Maguindanao became known as a haven for Islamic militants when the notorious Malaysian terrorist and bomb-making expert Zulkifli bin Hir alias Marwan was killed there in 2015. He had been coddled by BIFF elements, according to reports.
Forty-four members of the government’s elite police Special Action Forces were killed in the area when the commandos encountered MILF and other private armed groups during a raid to arrest Marwan in the Muslim-dominated province’s Mamasapano township. Then President Benigno Aquino III now faces potential charges for his oversight role of the deadly botched raid.
Speaking to the Foreign Correspondents Association of the Philippines in Manila in February, MILF chieftain Al Haj Murad Ebrahim abhorred the ideology espoused by ISIS, assuring the government it would help to flush out violent extremism in their stronghold. But not all analysts and observers are convinced.
On May 11, Duterte visited Marawi for the 10th time since the siege to ceremonially receive recovered firearms and distribute assistance to 27 members of the vanquished Maute Group who surrendered to the government.
The mercurial leader asked the city’s residents for patience while calling on other ISIS supporters to come above ground and assist in the city’s peaceful redevelopment.
“Give us time to rebuild, give us time to establish the goodwill,” Duterte said in apparent recognition of the growing animosity towards the state among displaced residents.

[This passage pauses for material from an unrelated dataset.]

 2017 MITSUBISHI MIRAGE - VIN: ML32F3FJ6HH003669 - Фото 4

He also expressed regret for declaring martial law for the entirety of Mindanao in response to the Marawi siege, a rights-curbing measure that will remain in effect until the end of the year. “I was not very happy with it,” Duterte claimed while in Marawi. “It was a decision most painful to me because I know that lives will be wasted.”

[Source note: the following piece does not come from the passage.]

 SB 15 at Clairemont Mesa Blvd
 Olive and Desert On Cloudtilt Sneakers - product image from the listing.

Critics, however, say his reconstruction plans are tone deaf to local sentiments. His government has provisionally chosen a Chinese-led consortium to lead Marawi’s rehabilitation, although its proposal may be challenged by other contractors until the end of May.

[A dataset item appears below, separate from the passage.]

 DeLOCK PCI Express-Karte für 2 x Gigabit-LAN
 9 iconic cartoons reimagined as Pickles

The government aims to commence rehabilitation of the city’s “ground zero” in June. The reconstruction is estimated to cost 51 billion pesos (US$1 billion) and will take around three years to complete, according to the government’s plans.
China’s lead role in the reconstruction, however, does not sit well with many residents. Banlaoi, for one, believes that the war in Marawi would not have been won if not for the technical assistance of other nations, particularly the United States. China, to which Duterte has pivoted in pursuit of a rebalanced foreign policy, also supplied firearms to defeat the militants.
Peace advocate Eliseo Mercado Jr, a priest from the Oblates of Mary Immaculate congregation, has consistently and strongly criticized the government for the lack of any development at Marawi’s “ground zero” seven months after the city’s so-called liberation.
“If you don’t allow them to return and rebuild their homes according to their heritage, they will have rebellious hearts,” he said, warning that ISIS-aligned groups will actively exploit to their advantage the government’s neglect of local voices in the rehabilitation process.
Drieza Lininding, chair of the Marawi-based Moro Consensus Group, a community organization, says that the government’s multi-agency task force created to lead the state’s rehabilitation efforts has not yet held any significant public grassroots consultations with locals.
“We welcome all the help and interventions as long as they are socially cohesive and that affected residents are consulted from the planning to the implementation of projects that respect our religious and cultural beliefs,” Lininding says.
Based on a rehabilitation plan presented earlier by the government, reconstruction works will include a new lakeside promenade, economic zone, cultural and convention centers and hotels.
Banlaoi and others, however, have urged the government to restore Marawi to its original form rather than a centrally planned vision that fails to take into account the wishes and aspirations of those who continue to suffer one year after the siege.